Running a business to hold it versus running a business with the intention of selling it can require divergent strategies, says IPEG Industrial Group CFO John Erkert. But if you're doing the essentials of long-term strategic planning as you go along, he told attendees at the Pittsburgh Smart Business Dealmakers Conference, you're likely running your business to create the most value that you can. That will enhance what you're going to be able to do regardless of whether the plan today is to sell sometime in the future.

"Everybody who owns a company is going to sell it someday or they're going to give it to their family members," Erkert says. "So, even people who are looking for a strategy that is a long-term hold strategy, at some point it's going to be a sell strategy. And if you look at the fundamentals of what is your capital structure, what is your long-term value creation, what are you reporting requirements, and just following the basic essentials of good strategic planning and knowing your external environment, I think that they'll be very complimentary."

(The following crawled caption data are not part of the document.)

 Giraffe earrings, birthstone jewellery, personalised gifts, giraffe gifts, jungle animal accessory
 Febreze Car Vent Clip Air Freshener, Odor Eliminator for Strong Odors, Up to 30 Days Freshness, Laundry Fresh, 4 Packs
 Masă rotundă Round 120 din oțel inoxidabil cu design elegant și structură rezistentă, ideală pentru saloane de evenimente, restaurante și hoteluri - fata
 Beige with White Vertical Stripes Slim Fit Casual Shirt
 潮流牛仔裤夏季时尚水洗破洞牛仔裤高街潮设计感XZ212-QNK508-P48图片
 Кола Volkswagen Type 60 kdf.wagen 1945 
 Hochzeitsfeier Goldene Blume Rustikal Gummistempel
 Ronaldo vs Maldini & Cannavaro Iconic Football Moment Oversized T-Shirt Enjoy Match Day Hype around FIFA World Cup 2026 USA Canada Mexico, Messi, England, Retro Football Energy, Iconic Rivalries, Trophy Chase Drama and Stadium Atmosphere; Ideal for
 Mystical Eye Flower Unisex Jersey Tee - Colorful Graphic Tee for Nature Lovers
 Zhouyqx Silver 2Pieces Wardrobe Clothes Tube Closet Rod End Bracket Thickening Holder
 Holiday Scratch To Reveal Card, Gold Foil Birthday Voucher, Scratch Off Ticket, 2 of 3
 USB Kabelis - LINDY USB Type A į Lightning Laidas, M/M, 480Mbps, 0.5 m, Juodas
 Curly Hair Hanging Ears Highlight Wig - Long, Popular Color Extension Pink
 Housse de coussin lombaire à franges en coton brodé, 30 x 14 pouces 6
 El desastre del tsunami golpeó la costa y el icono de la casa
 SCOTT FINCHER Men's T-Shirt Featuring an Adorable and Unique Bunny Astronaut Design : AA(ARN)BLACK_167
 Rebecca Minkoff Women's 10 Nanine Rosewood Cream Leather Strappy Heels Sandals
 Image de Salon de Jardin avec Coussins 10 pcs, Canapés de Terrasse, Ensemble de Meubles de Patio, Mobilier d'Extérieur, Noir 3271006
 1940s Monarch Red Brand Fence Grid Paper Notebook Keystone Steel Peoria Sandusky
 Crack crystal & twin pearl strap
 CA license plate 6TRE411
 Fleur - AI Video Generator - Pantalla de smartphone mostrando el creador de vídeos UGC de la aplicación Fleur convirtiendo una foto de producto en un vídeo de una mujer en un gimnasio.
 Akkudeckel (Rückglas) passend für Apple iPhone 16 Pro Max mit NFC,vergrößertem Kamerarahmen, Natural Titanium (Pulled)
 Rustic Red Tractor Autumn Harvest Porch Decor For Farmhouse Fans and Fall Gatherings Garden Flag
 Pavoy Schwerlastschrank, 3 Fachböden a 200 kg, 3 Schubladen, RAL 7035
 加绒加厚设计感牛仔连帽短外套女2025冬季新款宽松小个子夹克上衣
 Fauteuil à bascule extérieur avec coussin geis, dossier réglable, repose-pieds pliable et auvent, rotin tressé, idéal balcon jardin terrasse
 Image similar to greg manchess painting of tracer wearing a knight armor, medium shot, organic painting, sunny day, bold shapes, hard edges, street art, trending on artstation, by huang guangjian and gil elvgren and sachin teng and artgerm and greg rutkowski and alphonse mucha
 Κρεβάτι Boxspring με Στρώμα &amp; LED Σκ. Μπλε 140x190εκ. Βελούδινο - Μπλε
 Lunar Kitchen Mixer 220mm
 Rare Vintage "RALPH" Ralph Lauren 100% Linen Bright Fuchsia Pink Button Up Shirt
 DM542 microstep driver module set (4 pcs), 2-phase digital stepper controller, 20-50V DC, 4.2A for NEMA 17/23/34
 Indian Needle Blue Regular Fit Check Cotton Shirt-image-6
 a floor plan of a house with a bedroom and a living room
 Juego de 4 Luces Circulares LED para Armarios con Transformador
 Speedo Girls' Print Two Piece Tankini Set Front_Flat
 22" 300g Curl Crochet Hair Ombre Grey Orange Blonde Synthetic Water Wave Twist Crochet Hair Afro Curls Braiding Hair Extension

Having been involved in multiple transactions with different-sized companies, Former VP, General Counsel and Corporate Secretary of The ExOne Company Loretta Benec says the most important thing the management team and board of directors can do regardless of their current strategy is make the time to think about strategic planning. In particular, she says having a several-hour retreat annually with the board to take the time to think about who's coming, what could the company be buying, what could it be selling, who could come after it, what's pie-in-the-sky and what's really on the table for the next 12 months is important because the world is moving incredibly fast and boards and management teams need to have thought through these considerations so they're prepared to act when an opportunity presents itself.

"The No. 1 recommendation I have for being prepared, besides preparing your board, is to build your relationships for that very surprising day when you get the call or the offer — or in our case once the encrypted offer that we were having trouble reading and couldn't even distribute to anybody — you have to be prepared and have your relationships; lawyers, investment bankers or not," Benec says.

Erkert says as a business leader, because of the nature of the acquisition process and the diligence that companies must go through, sellers want to have a management team that has robust reporting already in place.

"Whether you're running your company for the long term or whether you're getting ready to sell, it's really important to have excellent financial reporting," he says. "And if you think about confidential information memorandum that you might not think about preparing, especially if you're a small business owner, you don't think about preparing that until you're ready for the process, shouldn't you really be doing that all the way along?"

Having bought several companies in the last decade, as well as having experience on the sell-side, Erkert says he knows what it's like to have all of his reporting questioned by many different advisers. He says the more robust your reporting, the better you can withstand that process.

While the M&A basics such as financials are core to a successful process, Huntington Senior Vice President, Director of Wealth Strategy Dan Griffith says in his experience 99 percent of transactions that fail do so because of emotional issues.

"Business owners are either comfortable or uncomfortable with any number of factors," Griffith says. "And so, part of preparation, and maybe I would say a huge part of preparation, is talking to clients to say, What are your real pain points going to be? Are you ready to sell? In other words, can we make sure that you're going to get enough in the sale to sustain your lifestyle? But also talking to clients about, you're going to sell this business and you've got to go to the grocery store every week, you're going to run into some of your former employees. How is that going to feel? And is that then something that you need to negotiate or choose a future partner?"

Sometimes business owners don't understand enough about themselves to realize that arguing about an earn out or the continuation of the charitable work an owner had done is really a conversation about a deeper issue.

"The reasons that people fail is that they just aren't ready," Griffith says. "And as a result, they can't move and they get paralyzed by the process."